Currently-relevant examples:

  • Housing, when paid by loans.
  • College education, when paid by loans.
  • Medical expenses, when paid by insurance.

I was working for a real estate attorney in an expensive suburb when the housing boom was going on. Every day we boggled over the loans people were getting. How can buyers believe they can pay this much? How can banks be stupid enough to give out these loans? What is going to happen when this all falls apart?


We all saw: near worldwide financial collapse. And while banks are greedy, heartless bastards as a rule, it wasn't like this was their intent. It was just that people, banks, and builders all found a way to optimize that system to leak the most money. 

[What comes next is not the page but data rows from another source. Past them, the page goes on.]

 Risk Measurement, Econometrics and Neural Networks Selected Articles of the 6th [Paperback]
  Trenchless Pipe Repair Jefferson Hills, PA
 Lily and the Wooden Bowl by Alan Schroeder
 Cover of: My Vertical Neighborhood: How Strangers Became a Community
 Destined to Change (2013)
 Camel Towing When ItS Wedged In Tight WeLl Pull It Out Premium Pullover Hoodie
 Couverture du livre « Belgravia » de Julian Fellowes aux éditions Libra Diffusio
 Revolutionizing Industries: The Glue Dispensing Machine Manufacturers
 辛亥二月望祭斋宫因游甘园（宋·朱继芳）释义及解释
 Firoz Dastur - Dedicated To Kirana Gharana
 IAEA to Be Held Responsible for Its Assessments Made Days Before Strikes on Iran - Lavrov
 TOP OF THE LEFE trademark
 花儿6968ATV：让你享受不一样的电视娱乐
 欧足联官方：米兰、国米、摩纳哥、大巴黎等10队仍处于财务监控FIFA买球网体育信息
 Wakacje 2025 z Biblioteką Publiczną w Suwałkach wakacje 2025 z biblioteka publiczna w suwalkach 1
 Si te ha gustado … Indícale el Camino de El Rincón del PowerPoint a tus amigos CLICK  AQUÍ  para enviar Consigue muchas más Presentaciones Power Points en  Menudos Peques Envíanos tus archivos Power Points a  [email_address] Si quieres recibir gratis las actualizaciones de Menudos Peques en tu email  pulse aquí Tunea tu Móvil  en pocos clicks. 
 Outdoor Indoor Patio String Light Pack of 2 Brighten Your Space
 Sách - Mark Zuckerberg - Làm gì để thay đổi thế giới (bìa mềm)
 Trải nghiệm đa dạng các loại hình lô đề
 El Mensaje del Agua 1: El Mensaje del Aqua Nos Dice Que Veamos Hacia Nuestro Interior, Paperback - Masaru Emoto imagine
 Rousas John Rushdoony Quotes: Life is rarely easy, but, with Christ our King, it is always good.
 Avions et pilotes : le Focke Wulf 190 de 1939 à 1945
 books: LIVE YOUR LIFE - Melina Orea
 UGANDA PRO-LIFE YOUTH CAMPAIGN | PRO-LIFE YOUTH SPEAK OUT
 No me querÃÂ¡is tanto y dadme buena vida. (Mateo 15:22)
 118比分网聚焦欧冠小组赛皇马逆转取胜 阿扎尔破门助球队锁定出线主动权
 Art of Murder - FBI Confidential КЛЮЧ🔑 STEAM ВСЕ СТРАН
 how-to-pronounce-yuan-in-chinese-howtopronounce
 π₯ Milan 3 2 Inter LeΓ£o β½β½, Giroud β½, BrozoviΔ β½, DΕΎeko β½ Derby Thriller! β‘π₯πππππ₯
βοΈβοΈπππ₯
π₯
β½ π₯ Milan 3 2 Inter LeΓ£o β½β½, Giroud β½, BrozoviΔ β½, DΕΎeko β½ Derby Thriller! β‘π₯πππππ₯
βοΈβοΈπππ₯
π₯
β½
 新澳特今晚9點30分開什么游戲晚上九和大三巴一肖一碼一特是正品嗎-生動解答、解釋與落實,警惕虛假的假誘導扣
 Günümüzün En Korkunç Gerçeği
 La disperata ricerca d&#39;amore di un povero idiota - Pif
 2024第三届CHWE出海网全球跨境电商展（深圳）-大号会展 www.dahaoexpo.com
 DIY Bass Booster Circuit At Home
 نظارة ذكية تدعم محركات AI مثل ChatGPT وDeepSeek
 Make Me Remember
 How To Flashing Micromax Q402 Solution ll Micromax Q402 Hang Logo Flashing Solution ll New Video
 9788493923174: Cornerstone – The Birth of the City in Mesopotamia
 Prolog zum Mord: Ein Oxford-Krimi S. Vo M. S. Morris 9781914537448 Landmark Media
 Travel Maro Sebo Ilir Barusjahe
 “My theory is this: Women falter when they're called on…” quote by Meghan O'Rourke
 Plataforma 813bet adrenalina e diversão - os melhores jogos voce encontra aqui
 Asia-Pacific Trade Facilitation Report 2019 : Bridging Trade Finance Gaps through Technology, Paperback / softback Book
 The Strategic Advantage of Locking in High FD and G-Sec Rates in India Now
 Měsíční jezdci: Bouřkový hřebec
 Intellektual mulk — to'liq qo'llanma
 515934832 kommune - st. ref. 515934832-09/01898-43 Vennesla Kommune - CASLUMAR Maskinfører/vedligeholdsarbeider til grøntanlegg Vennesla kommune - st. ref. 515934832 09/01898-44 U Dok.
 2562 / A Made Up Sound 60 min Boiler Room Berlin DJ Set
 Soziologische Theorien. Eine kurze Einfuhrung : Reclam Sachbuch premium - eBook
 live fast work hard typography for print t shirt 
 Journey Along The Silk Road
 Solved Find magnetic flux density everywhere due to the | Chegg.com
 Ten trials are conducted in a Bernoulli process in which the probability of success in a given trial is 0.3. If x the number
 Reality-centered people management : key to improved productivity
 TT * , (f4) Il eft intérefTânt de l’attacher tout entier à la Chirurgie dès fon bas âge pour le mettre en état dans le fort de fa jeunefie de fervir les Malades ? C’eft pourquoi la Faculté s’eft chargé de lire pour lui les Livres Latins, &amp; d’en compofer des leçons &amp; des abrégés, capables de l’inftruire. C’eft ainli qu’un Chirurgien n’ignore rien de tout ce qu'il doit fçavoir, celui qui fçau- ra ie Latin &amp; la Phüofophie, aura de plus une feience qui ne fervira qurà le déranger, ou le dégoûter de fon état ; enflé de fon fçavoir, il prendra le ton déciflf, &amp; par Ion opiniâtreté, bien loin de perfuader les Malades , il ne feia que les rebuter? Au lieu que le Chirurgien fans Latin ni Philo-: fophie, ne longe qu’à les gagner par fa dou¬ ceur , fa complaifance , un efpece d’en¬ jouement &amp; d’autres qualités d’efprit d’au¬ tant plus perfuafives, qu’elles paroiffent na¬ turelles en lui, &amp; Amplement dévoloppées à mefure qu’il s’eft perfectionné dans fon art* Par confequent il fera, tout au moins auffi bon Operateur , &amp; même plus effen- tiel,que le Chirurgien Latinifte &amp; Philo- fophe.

The same thing has been happening with college loans. You need a degree to get a good job, right? So it's worth going into debt. And if every student can get a guaranteed loan to pay any sort of tuition… what's to stop those tuition rates from rising forever? Unlimited demand! Unlimited money! Private schools with clever marketing pop up, and state school see an easier way than taxes to make a few dollars. And now it seems like everyone goes to an expensive college, winds up with a ton of debt, and can't get a decent job.


And finally, the big one: medical insurance. This is a double whammy, because you do pay for it before you receive anything, so if anything, people are motivated to get something for their money. Often the more expensive something is, the more desirable it is to the consumer, because the hated insurance company has to pay for it. 


None of these were organized eville big money schemes to shaft the middle class, working class, or poor. They're just natural consequences of things that were a good idea at the time, but under-regulated and taken advantage of for so long, have spiraled out of control. Without financing/insuring big-expense items, only the rich could buy houses or go to college or get serious medical care. No one wants that. 


The problem is simple and unavoidable: people. Given the chance, almost everyone will take advantage of a situation. If they can pay less for something than it's worth, or get paid more for a job than the value they're contributing, or defer payment, or get something for free… well, who passes that up? And when enough people behave that way, the whole system falls apart.


The guys on Wall Street -- the "top 1%" -- had enough luck, starting capital, and savvy to situate themselves on the side of the equation where the money flows, and avoid the building-up-debts side. While increasing taxes on the wealthy is completely reasonable given the amount of government debt, it isn't going to fix the problems of those protesting. 


I don't know a viable governmental solution. I'm afraid life is going to suck for a lot of people for a very long time.